Mientras estaba hablando, movió sus manos para intentar alcanzar y coger parte de la cuerda que le tenía maniatado, pero fue imposible. De haberlo conseguido habría usado la capacidad de su guante derecho para quemarla e intentar salir de allí. La idea era sencilla, al menos en teoría, quemar la cuerda, saltar el muro de atrás para romper la silla, desenfundar alguna de sus armas y, tras hacer el amago de atacar, salir por la ventana de cristal que había en el lugar. Un plan perfecto, pero le faltaba flexibilidad.
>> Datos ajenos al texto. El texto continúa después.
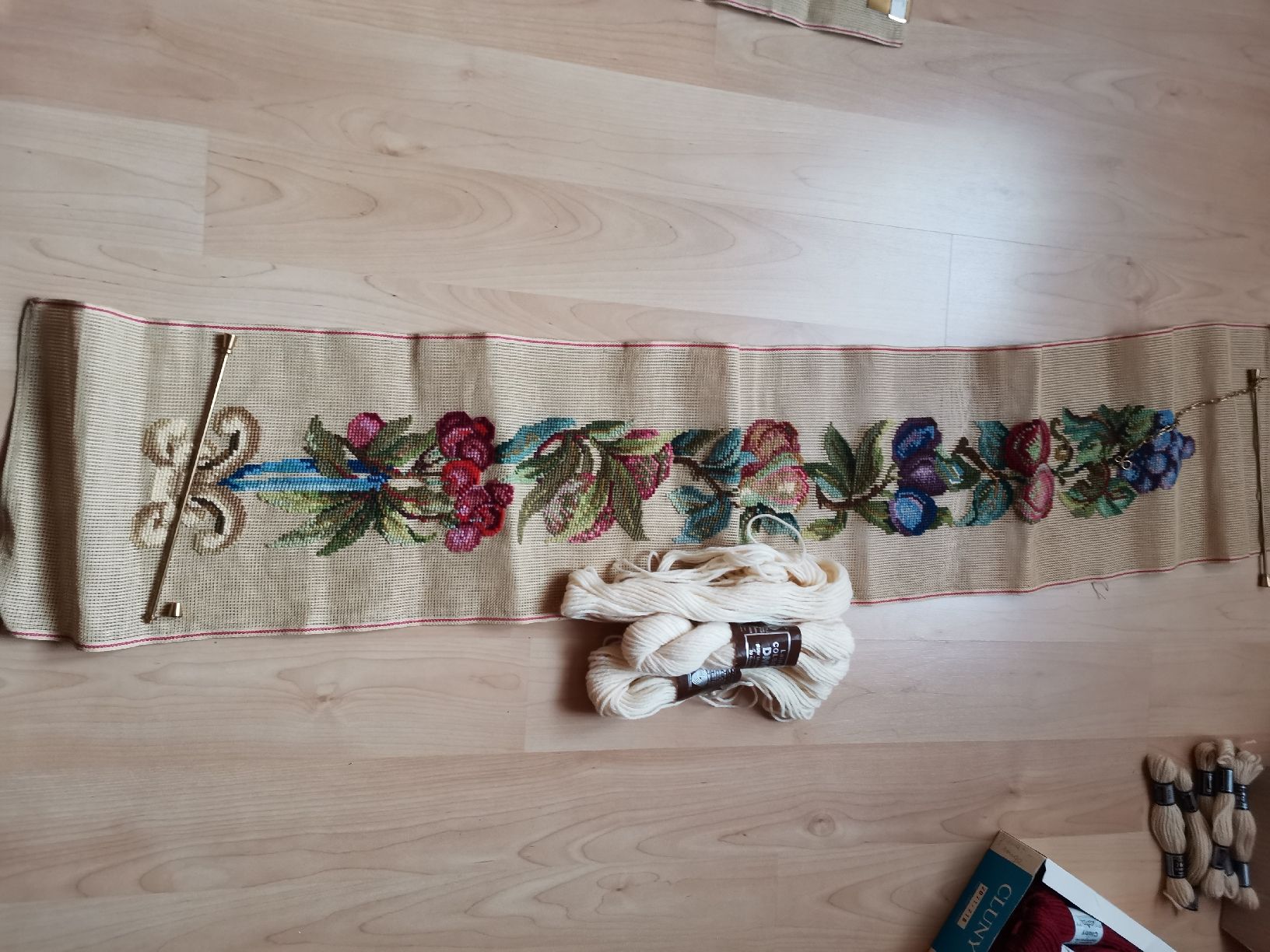 Kits de loisir créatif: Kit a broder gobelin – Neuf avec emballage d'origine à Cournillens par masoeur 5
—¿Y tú eres…? —preguntó Mitch, intentando alargar todo lo posible esa situación.

y de pronto, alguien comezó a gritar en alguna parte del lugar en el que se encontraba. Era una voz grave e iracunda, pero no lograba entender que diantres estaba diciendo. El sujeto que me había llevado allí salió a ver que ocurría, pero un minuto después se encontraba atravesando la pared inconsciente.

—Otla vez uno de los hombles de los Hong —dijo Tao—. Voy a tenel que dalle su melesido.

"Mierda, los Hong. ¿Acaso me han encontrado?" —se dijo Mitch, rezando por que no le vieran allí atado.